▶ _Problem to solve_
In the material below, find the line with "Chaussons/pantoufles tissage satiné" and the line with "JC Gorras Muerto", then output those two lines and every line between them, exactly.

▶ _Provided information_
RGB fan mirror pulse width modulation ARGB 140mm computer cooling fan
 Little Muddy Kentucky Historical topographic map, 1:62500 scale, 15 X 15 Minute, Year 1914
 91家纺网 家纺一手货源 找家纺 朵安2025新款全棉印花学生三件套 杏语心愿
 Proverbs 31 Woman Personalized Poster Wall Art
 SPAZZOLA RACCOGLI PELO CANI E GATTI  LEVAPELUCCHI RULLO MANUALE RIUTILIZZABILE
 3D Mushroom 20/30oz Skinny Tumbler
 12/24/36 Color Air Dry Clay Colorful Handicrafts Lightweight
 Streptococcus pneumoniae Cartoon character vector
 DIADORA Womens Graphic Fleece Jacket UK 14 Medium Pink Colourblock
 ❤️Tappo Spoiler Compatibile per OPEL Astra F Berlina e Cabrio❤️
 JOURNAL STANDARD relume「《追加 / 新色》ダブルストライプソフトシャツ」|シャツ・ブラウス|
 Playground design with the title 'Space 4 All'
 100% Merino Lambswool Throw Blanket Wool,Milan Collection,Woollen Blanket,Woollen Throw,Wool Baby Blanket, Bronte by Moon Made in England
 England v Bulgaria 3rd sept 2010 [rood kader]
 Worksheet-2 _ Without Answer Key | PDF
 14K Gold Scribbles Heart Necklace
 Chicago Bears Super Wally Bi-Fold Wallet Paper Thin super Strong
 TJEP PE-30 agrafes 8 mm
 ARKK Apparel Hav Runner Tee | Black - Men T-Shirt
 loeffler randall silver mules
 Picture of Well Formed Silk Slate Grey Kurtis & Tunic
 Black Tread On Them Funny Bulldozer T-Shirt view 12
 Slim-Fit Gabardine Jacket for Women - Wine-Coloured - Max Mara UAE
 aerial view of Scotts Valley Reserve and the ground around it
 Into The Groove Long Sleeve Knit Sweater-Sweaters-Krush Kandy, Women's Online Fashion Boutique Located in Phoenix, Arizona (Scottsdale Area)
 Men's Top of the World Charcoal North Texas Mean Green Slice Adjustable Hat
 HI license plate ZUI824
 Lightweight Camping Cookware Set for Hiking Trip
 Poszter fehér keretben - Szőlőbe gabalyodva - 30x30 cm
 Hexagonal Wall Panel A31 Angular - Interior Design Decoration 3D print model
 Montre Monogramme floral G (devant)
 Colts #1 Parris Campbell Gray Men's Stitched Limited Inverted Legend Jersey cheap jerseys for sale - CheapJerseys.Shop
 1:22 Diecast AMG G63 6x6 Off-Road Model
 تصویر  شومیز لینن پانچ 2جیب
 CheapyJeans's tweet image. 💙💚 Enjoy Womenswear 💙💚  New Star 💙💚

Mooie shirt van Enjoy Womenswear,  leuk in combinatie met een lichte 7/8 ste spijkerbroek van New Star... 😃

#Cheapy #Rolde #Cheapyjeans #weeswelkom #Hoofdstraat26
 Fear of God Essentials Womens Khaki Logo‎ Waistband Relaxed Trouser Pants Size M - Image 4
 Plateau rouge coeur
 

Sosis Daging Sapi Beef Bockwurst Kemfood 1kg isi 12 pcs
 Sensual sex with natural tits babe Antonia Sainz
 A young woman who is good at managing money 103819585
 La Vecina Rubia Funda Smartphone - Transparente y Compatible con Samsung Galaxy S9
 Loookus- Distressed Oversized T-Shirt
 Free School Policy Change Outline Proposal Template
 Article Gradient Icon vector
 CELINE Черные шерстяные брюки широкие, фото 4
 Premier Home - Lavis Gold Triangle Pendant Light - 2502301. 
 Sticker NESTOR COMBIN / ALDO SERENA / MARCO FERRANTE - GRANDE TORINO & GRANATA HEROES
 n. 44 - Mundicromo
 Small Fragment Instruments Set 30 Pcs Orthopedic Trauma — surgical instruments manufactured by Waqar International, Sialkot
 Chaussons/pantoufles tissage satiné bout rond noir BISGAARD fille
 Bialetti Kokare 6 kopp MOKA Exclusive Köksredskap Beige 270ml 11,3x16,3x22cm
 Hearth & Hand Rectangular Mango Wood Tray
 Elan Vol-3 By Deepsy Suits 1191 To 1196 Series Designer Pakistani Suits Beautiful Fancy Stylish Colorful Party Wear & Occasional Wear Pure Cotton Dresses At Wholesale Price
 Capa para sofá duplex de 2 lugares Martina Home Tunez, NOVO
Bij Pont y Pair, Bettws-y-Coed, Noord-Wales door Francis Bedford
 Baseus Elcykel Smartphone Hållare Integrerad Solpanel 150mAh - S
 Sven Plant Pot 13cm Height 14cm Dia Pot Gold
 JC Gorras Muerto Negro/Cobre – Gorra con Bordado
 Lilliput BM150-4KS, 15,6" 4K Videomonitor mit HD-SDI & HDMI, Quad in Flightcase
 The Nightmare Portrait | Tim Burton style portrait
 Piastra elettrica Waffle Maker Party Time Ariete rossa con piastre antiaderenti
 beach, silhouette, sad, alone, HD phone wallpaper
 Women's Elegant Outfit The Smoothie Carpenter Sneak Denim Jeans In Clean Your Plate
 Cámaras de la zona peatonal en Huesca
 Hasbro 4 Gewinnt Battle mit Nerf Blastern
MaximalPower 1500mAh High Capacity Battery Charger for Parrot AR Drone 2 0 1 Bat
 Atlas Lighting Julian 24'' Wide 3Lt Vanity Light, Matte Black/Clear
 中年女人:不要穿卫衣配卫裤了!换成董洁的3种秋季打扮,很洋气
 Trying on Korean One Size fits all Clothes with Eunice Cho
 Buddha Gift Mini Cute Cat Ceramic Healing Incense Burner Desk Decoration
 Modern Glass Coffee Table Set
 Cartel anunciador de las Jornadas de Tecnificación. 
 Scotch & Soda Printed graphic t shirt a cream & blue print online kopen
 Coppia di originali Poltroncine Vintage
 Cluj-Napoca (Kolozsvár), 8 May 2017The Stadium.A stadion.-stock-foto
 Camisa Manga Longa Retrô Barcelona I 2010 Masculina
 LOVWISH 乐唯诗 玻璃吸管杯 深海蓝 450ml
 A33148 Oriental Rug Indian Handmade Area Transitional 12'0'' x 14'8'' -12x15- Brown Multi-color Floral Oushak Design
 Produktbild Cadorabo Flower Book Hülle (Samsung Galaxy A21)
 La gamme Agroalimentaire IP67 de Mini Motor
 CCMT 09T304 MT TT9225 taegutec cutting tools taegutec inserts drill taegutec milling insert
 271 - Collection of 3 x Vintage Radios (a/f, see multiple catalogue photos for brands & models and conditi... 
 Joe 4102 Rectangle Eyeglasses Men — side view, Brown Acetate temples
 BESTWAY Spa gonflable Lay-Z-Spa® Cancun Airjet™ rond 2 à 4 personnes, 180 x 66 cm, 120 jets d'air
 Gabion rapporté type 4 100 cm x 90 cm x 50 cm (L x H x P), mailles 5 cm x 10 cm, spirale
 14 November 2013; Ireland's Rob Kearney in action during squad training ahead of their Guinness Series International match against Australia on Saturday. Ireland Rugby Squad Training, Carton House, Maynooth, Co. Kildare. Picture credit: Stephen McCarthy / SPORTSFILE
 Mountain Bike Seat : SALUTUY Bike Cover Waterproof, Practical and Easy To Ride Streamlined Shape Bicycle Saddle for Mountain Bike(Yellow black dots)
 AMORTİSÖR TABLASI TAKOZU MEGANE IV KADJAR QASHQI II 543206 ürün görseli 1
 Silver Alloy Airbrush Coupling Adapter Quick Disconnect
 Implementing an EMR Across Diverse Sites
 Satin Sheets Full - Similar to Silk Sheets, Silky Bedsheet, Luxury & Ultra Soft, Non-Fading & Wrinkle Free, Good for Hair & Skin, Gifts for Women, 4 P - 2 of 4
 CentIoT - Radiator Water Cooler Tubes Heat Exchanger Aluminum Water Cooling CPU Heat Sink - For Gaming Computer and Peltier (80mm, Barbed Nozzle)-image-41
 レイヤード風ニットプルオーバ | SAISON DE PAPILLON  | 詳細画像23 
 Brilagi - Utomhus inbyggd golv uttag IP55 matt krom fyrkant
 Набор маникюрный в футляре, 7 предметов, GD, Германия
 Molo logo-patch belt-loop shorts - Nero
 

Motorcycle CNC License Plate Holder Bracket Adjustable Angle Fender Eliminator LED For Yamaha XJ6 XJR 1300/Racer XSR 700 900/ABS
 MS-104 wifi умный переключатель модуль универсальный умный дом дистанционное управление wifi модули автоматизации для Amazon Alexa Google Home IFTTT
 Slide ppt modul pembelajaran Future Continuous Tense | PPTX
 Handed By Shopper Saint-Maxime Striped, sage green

▶ _Your solution_
 Chaussons/pantoufles tissage satiné bout rond noir BISGAARD fille
 Bialetti Kokare 6 kopp MOKA Exclusive Köksredskap Beige 270ml 11,3x16,3x22cm
 Hearth & Hand Rectangular Mango Wood Tray
 Elan Vol-3 By Deepsy Suits 1191 To 1196 Series Designer Pakistani Suits Beautiful Fancy Stylish Colorful Party Wear & Occasional Wear Pure Cotton Dresses At Wholesale Price
 Capa para sofá duplex de 2 lugares Martina Home Tunez, NOVO
Bij Pont y Pair, Bettws-y-Coed, Noord-Wales door Francis Bedford
 Baseus Elcykel Smartphone Hållare Integrerad Solpanel 150mAh - S
 Sven Plant Pot 13cm Height 14cm Dia Pot Gold
 JC Gorras Muerto Negro/Cobre – Gorra con Bordado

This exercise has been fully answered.